In literature, we think of the "privileged moment" as time out of time, a short space where two characters can share something that transcends the ordinary unfolding of the plot. And while a privileged moment may be tacked on to many stories - "and they lived happily ever after" - the true completion of such stories is inevitably the resolution of events in a familiarly temporal world. Which is why Tolle gave up sitting on park benches smiling at people and wrote his book. Why the Buddha took up teaching. And so on. Longfellow tells us, "Life is real, life is earnest, and the grave is not its goal..." In the same way, successful quests for Nirvana do not end with the sage disappearing into eternity in contemplating his navel, but with that self-same sage giving those around him a chance to hear the whisperings of eternity within the framework of mortal life.

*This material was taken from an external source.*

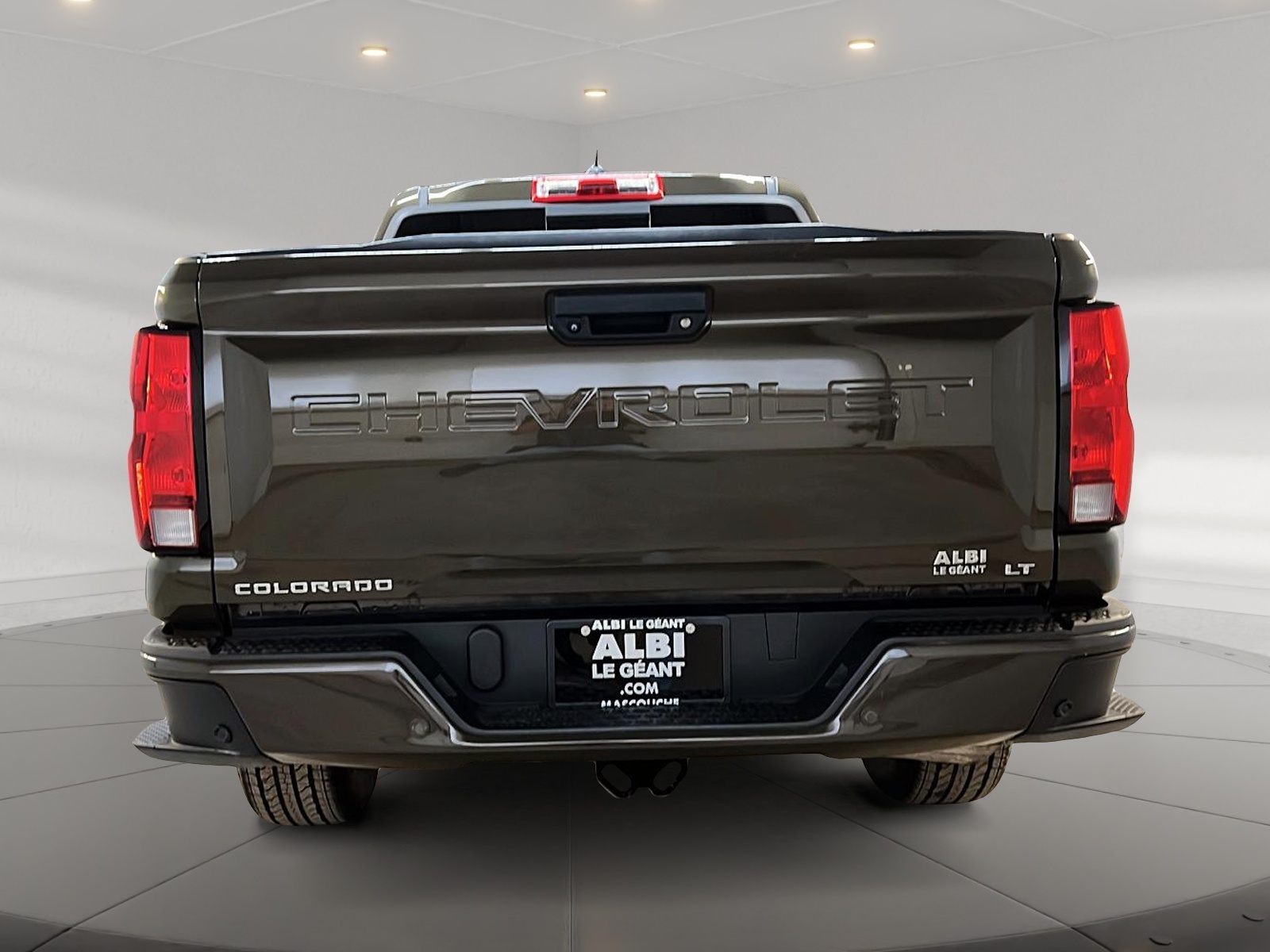 Chevrolet Colorado LT CREW CAB 4X4 2023 - image #5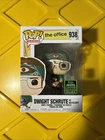 Funko Pop! Vinyl: The Office - Dwight Schrute as Recyclops - 2020 Exclusive #938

Privileged moments will come, often in literature, and more often than we acknowledge in our real lives, but even as an eternal universe pulses. to our senses time marches on. The Power of Now and the proper handling of dhukka does not come in severing ourselves from the reality of how we are constructed, but in finding a way to let the immortal soul sometimes reveal itself from within the mortal body so that our lives may give expression to something larger. To return to where we started, if our sensory lives give meaning, the highest state is not the escape from meaning, but to transcend, momentarily grasping the idea of that old hymn - "As it was in the beginning, is now and ever shall be world without end" - and knowing that we're a part of it, not apart from it.